One example is “food swamps,” areas where there is little to no access to fresh, healthy produce but where unhealthy food establishments abound. The Brooklyn neighborhood of East New York, one of the most economically challenged areas in the city, is also the largest food swamp in New York, with more than 27 fast food chains in one of its zip codes and 14 in another.
These geographic patterns have lasting effects on communities’ health. The presence of healthy food retailers (like grocery stores and farmers’ markets) is associated with lower diabetes risk, while the presence of unhealthy food retailers (like convenience stores and fast food restaurants) is associated with the opposite.
Fast food restaurants choose to locate in poverty-stricken areas and communities of color for one reason: it’s good business. The same is true for these companies’ marketing that disproportionately targets children in majority Black neighborhoods –– a tactic that almost certainly increases risk for chronic diseases later in life.

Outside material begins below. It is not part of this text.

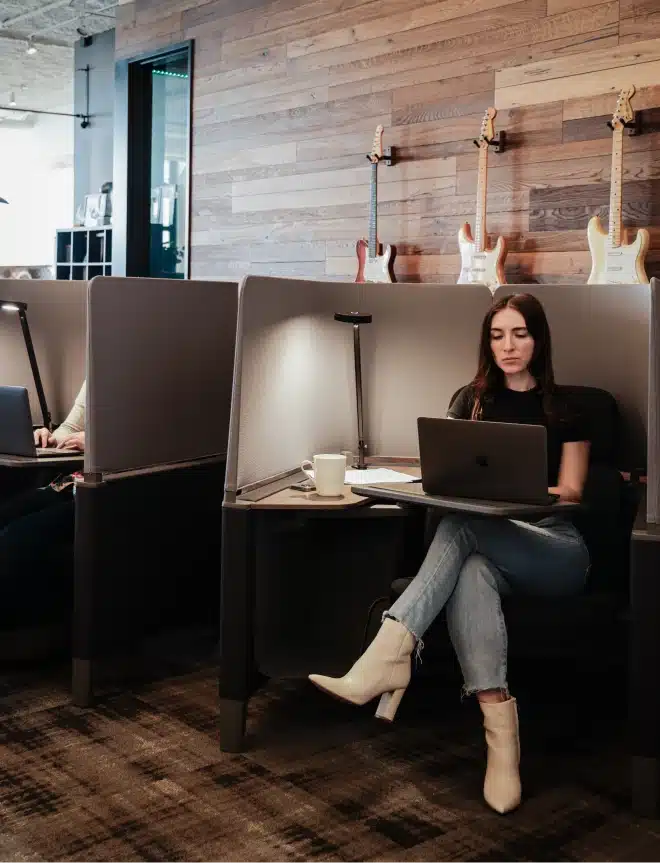 Creative professional seated in quiet nook with laptop and boots, working near wall-mounted guitars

Our food system harms Black and Brown people from the earliest ages, and our policies exacerbate these injustices. For example, despite the fact that consumption of dairy products is linked to higher risk for a number of diet-related diseases, the federal government heavily promotes these products through national nutrition programs, as well as partnerships with fast food establishments like Domino’s and Taco Bell. It’s egregious greed, especially when you consider that 53 to 95 percent of people of color are lactose-intolerant.
I learned through my diagnosis that the very systems meant to nourish me and support my health had failed me –– as they do for many other people of color in this country. Many still don’t know, and many others only recently have realized, that food has the power to heal, to extend our lives, to make us feel better. It’s no wonder we are more vulnerable when disaster strikes.
The failure to protect people of color from COVID-19 goes far beyond not providing necessary and life-saving personal protective equipment. It goes beyond not reaching us where we need to be reached. It stems from a food system that puts profits over public health, causing an epidemic far deadlier and more insidious than the COVID-19 crisis.
As someone who interacts with my constituents daily as Brooklyn’s “first responder-in-chief,” I remember that I would not be able to expose myself to such risk if I were still suffering from diabetes. Just as our communities deserve leaders resilient enough to stand beside them in times of crisis, they deserve leaders bold enough to overhaul the systems that put them at greater risk in the first place.
Eric Adams is Brooklyn’s borough president.